That is, the fiber is stretched at a temperature not higher than the crystal dispersion temperature of the fiber, specifically 65 ° C. or lower, and further stretched at a temperature not lower than the crystal dispersion temperature of the fiber and lower than the melting point, specifically 90 ° C. or higher. It has been found that the physical properties of fibers are surprisingly improved. By stretching at a temperature lower than the melting point, an effect of suppressing the occurrence of fiber fusion and pressure bonding can be obtained. In this case, the fibers may be further stretched in multiple stages.
[0014]
In the present invention, at the time of drawing, the speed of the first godet roll was fixed at 5 m / min, and the speed of other godet rolls was changed to obtain a yarn having a predetermined draw ratio.
[0015]
Hereinafter, measurement methods and measurement conditions relating to characteristic values in the present invention will be described.
[0016]
(Strength / elastic modulus)
For the strength and elastic modulus of the present invention, “Tensilon” manufactured by Orientic Co., Ltd. was used, and the strain-stress curve was measured at an ambient temperature of 20 ° C. and relative humidity under the conditions of a sample length of 200 mm (length between chucks) and an elongation rate of 100% / min Measured under the conditions of 65%, the stress at the breaking point of the curve was obtained by calculating the strength (cN / dtex) and the elastic modulus (cN / dtex) from the tangent line that gives the maximum gradient near the origin of the curve. In addition, each value used the average value of 10 times of measured values.
[0017]
(Weight average molecular weight Mw, number average molecular weight Mn and Mw / Mn)
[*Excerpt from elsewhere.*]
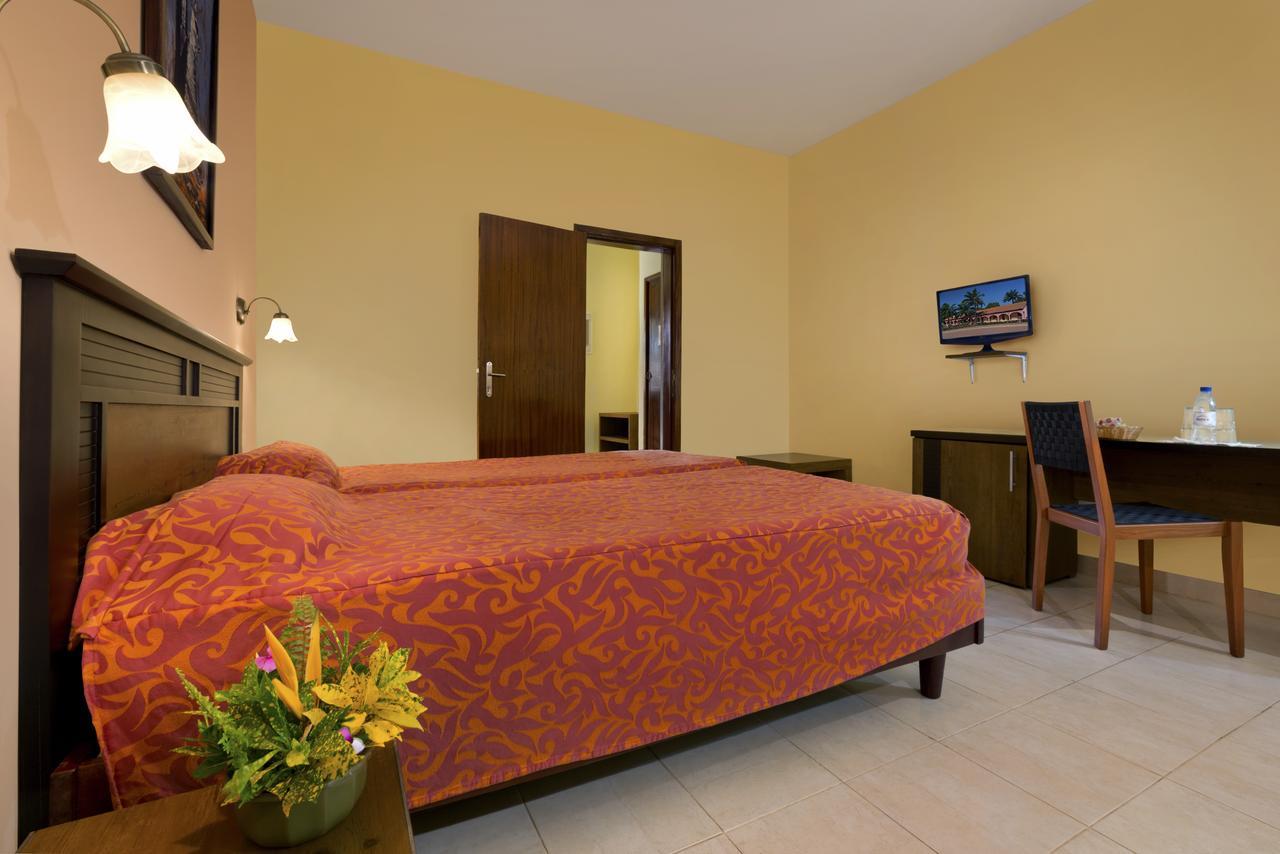 Dunia Hôtel Bissau Extérieur photo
The weight average molecular weight Mw, the number average molecular weight Mn, and Mw / Mn were measured by gel permeation chromatography (GPC). A GPC 150C ALC / GPC manufactured by Waters was used as a GPC apparatus, and a single GPC UT802.5 manufactured by SHODEX was used as a column, and two UT806M were used. As a measurement solvent, o-dichlorobenzene was used, and the column temperature was 145 degrees. The sample concentration was 1.0 mg / ml, and 200 microliters were injected and measured. The molecular weight calibration curve is constructed using a polystyrene sample with a known molecular weight by the universal calibration method.
[0018]
(Branch measurement)
The measurement of the branching of the olefin polymer is determined using 13 C-NMR (125 MHz). Measurements were made using the method described by Randall's method (Rev. Macromol. Chem. Phys., C29 (2 & 3), P.285-297).
[0019]
(Dynamic viscoelasticity measurement)
The dynamic viscosity measurement in the present invention was performed using “Leovibron DDV-01FP type” manufactured by Orientec. The fibers are split or combined so that the entire fiber is 100 denier ± 10 denier, and the measurement length (distance between the brace) is 20 mm in consideration of arranging the single fibers as uniformly as possible. Wrap both ends of the fiber in aluminum foil and bond with cellulosic adhesive. In this case, the glue allowance length is set to about 5 mm in consideration of fixing with the metal fitting. Each test piece was carefully placed on a brace (chuck) set to an initial width of 20 mm so that the yarn would not loosen or twist and was preliminarily deformed for several seconds at a temperature of 60 ° C. and a frequency of 110 Hz. This experiment was conducted after that. In this experiment, temperature dispersion at a frequency of 110 Hz was obtained from the low temperature side at a temperature increase rate of about 1 ° C./min in the temperature range of −150 ° C. to 150 ° C. In the measurement, the static load was set to 5 gf, and the sample length was automatically adjusted so that the fibers did not loosen. The amplitude of dynamic deformation was set to 15 μm.
[0020]
(Ratio between discharge line speed and spinning speed (draft ratio))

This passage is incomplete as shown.